SUPPLIED ENTRIES:

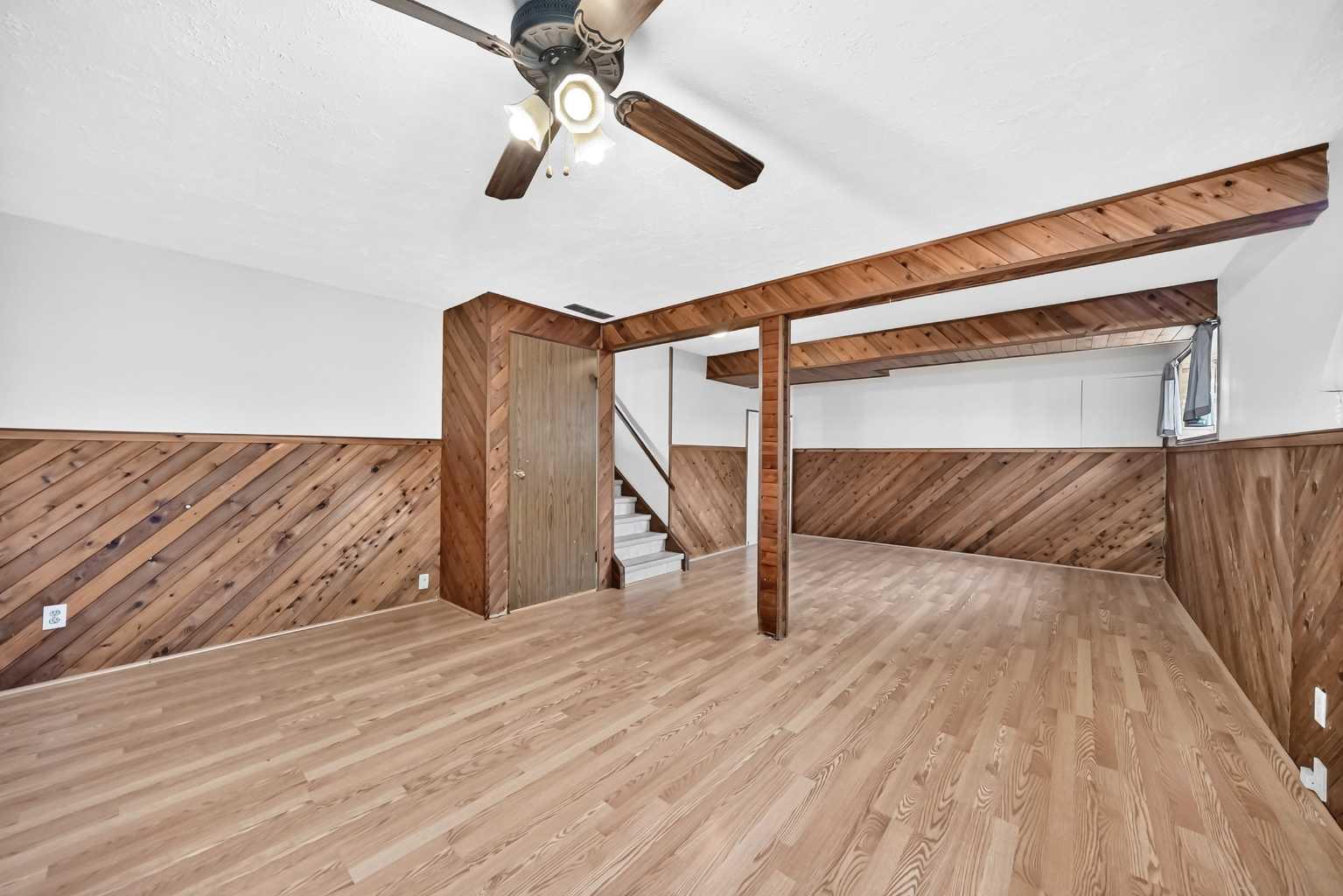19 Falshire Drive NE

...

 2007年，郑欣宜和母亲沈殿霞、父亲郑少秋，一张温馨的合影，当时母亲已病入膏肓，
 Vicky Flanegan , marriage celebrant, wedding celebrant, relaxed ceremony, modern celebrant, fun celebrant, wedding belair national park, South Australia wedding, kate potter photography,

--

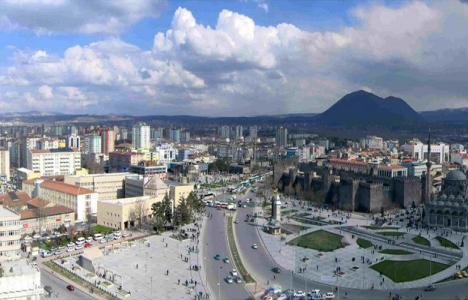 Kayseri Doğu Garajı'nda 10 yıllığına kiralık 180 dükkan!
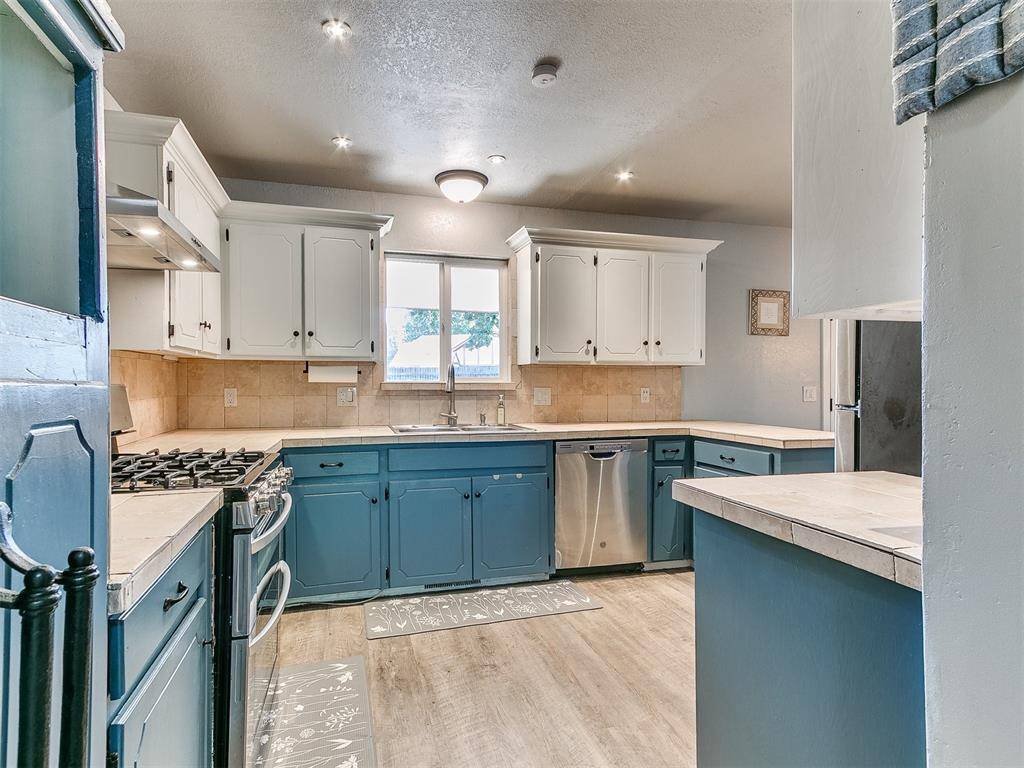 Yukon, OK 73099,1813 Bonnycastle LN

YOUR ASSIGNMENT:
Repeat exactly the lines above, beginning at the one containing "Kayseri Doğu Garajı'nda" and ending at the one containing "Yukon, OK 73099,1813 Bonnycastle LN". Do not carry over any pictures.

WRITTEN SOLUTION:
 Kayseri Doğu Garajı'nda 10 yıllığına kiralık 180 dükkan!
 Yukon, OK 73099,1813 Bonnycastle LN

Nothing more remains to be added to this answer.